I needed a hat so one of the boys loaned me his Ak Kalpak.

I needed a hat so one of the boys loaned me his Ak Kalpak.

As we headed downhill, a manner of speaking, a road sign announced Kyrgyzstan with an elevation of 3,550 meters, (11,646 feet), reminding us that the average elevation of this country is 2,750 meters, (9,022 feet) with the Jengish Chokusu peak towering at 7,439 meters, (24,406 feet). The mountains in the distance said it all. Homes were a mix of yurts and Russian style block houses. Kids waved to us as we passed. Horses on the highway were more of a danger than the herds of fat-tail sheep.

We stopped for the night near a small village and were quickly surrounded by friendly boys, all excited about the strange truck. We had to give them a peek inside. One young boy insisted I needed a hat and loaned me his Ak Kalpak.

One of the things the area is famous for, aside from apricots, are their melons, and roadside stands offer more than we could eat. Crossing the wide valleys gave spectacular campsites. The only foreigners we met on this section were a couple of brave Germans on well-equipped road bikes doing the Silk Road the hard way.

This friendly melon vendor was happy to pose for a picture.

This friendly melon vendor was happy to pose for a picture.

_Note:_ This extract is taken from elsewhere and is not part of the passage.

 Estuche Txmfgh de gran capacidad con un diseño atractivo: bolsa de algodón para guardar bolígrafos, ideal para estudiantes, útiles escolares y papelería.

Arriving in Osh there was the usual turmoil of city traffic. Following our trusted GPS and a tip from road friends, we headed toward a bridge that would take us through town. To our shock, and no doubt to others, the road narrowed and led us right into the backside of the local market. By the time we realized that we were driving into a can of worms, it was too late to turn around. Backing up would be a disaster. People were scrambling to get their awnings out of our way and helping us inch through the maze of fruit and hardware stands. Well, it could have been a great video, but as is often the case, we had no time to take pictures. Monika was walking ahead to clear the “land mines” and lift overhead ropes. Oh, and the bridge? It was closed to traffic.

Since Gary had owned a burro when he lived in Mexico as a young boy, he always has a soft spot for these work animals of the world.

Since Gary had owned a burro when he lived in Mexico as a young boy, he always has a soft spot for these work animals of the world.

Osh is the second largest city in Kyrgyzstan, located in the Ferghana Valley. It is the oldest city in the country (estimated to be more than 3,000 years old). We could have come straight across from Uzbekistan, 5 km away, and bypassed Tajikistan, but that was out of the question. Osh is known for having one of the largest and most crowded outdoor market in Central Asia. It was a major stopping point along the Silk Road and has been named the Great Silk Road Bazar in reference to its historical importance.

No doubt we could have spent days wandering through the Osh bazar, but the clock was ticking. It was the end of July and we had to cross the border into China on August 28—etched in stone. We sped north on good roads toward Bishkek where we found safe but noisy overnight parking at the Togolok Moldo Park. It was close to shops where we could buy a sim card for our cell phone and have the passport photos made that were required for our Chinese visa. (A special size of course. This was China.) We had learned of a can-do visa specialist who assured us a Chinese visa was not a problem. What a relief!! Local busses made it easy to reach another amazing market, interestingly also called the Osh Bazar.

Very fresh chicken and even fresher lamb.

Very fresh chicken and even fresher lamb.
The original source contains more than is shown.